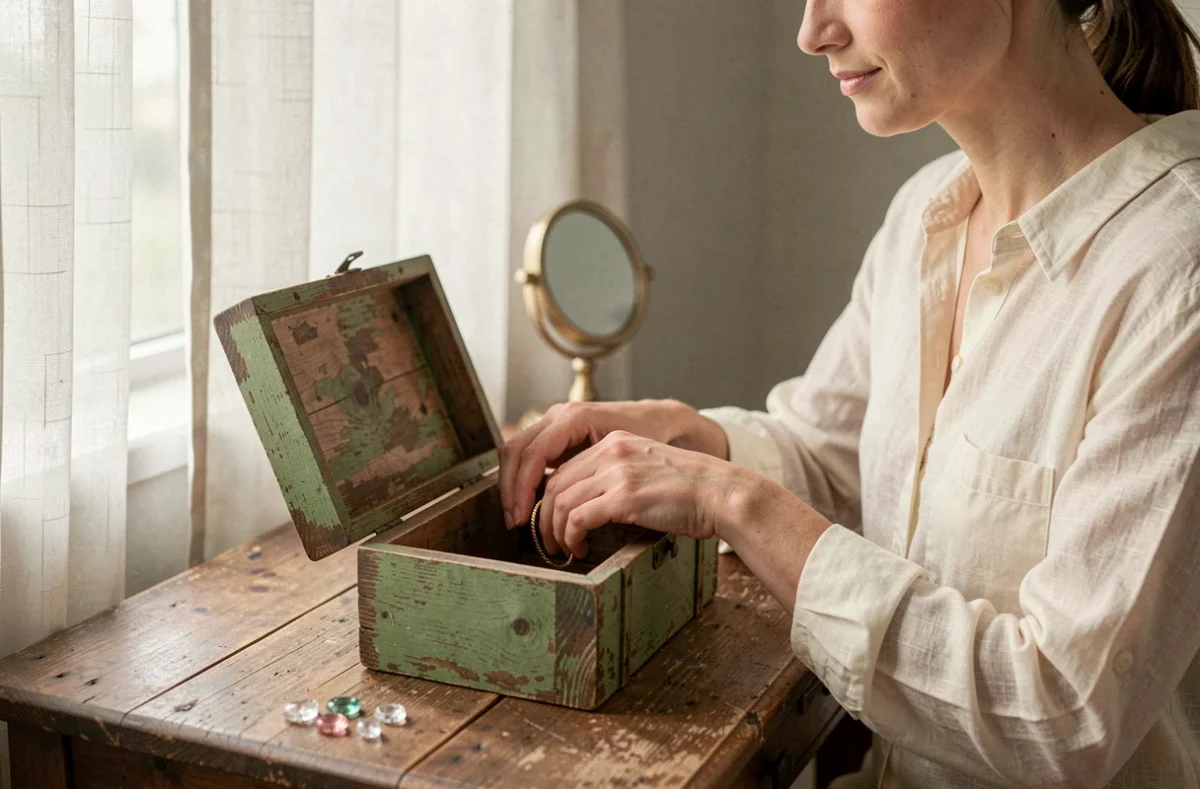 Femme rangeant un bracelet en or dans une boîte à bijoux vintage en bois à patine verte sur une coiffeuse rustique près d'une fenêtre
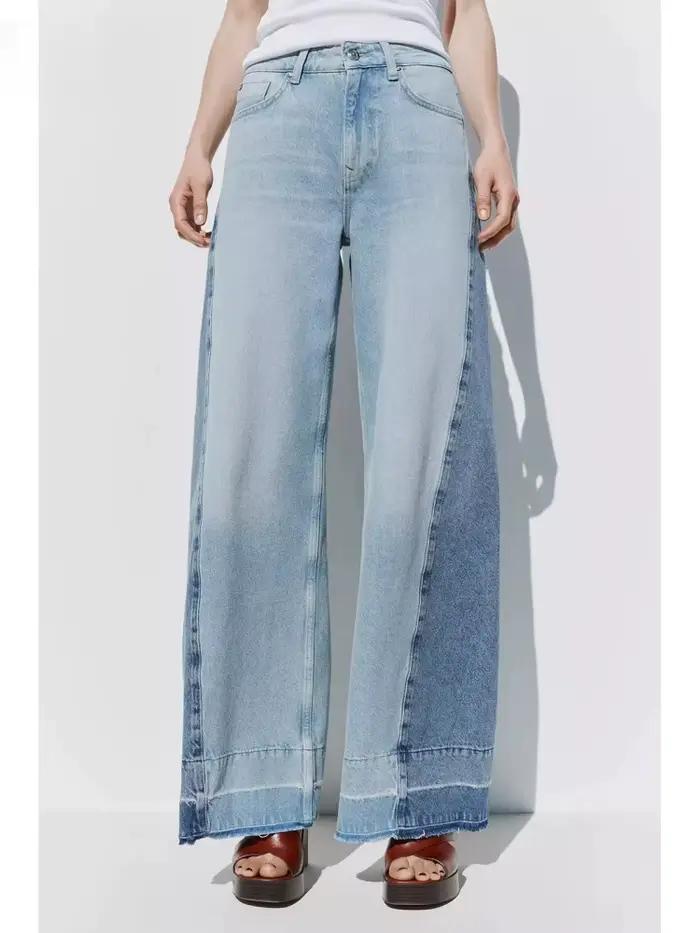 2025 Ropa Y2K mode contraste Patchwork Vintage bleu Baggy jean pantalon pour femmes vêtements droite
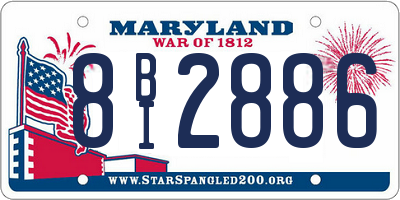 MD license plate 8BI2886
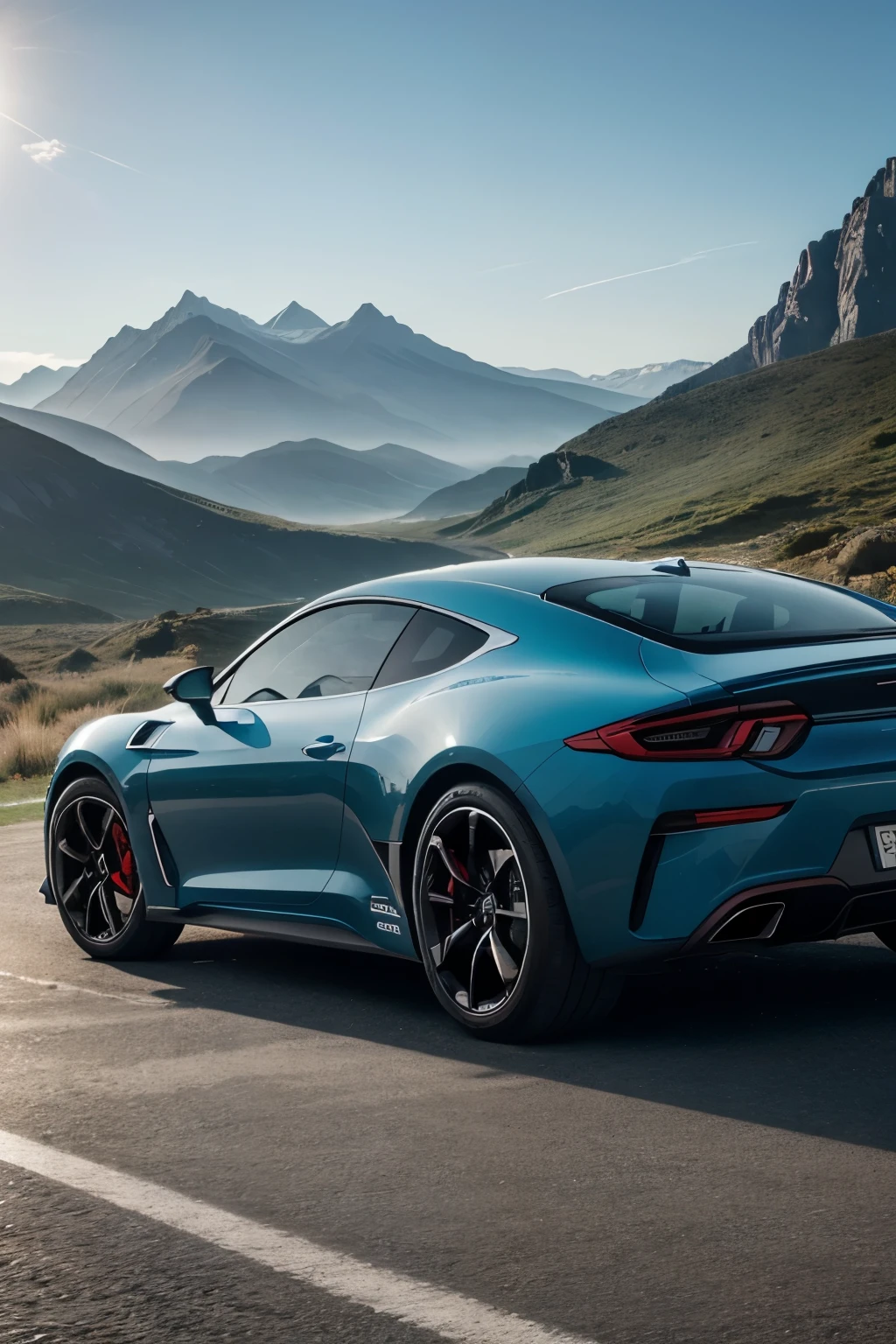 Fond écran de voiture de sport, futuriste, paysage derrière sublime, réaliste, 4K, HDR, Ultra réaliste, beau, futuriste, sportundefined,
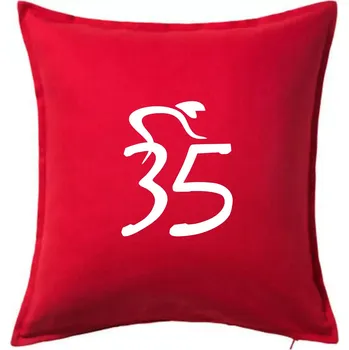 Polštář Cyklista slaví pětatřicítku (35) - Polštář 50x50 - 50x50 - Pouze potah ( Červená )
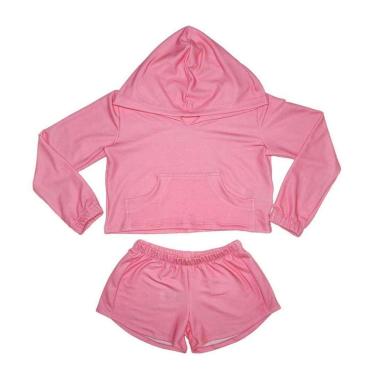Imagem de Conjunto Moletinho Cropped - Rosa Claro Neon-Feminino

____________________

▶ YOUR INSTRUCTIONS: The lines wanted run from the one with "MD license plate 8BI2886" through the final line of the data; repeat them word for word and skip every picture.

▶ COMPLETED TASK:
 MD license plate 8BI2886
 Fond écran de voiture de sport, futuriste, paysage derrière sublime, réaliste, 4K, HDR, Ultra réaliste, beau, futuriste, sportundefined,
 Polštář Cyklista slaví pětatřicítku (35) - Polštář 50x50 - 50x50 - Pouze potah ( Červená )
Imagem de Conjunto Moletinho Cropped - Rosa Claro Neon-Feminino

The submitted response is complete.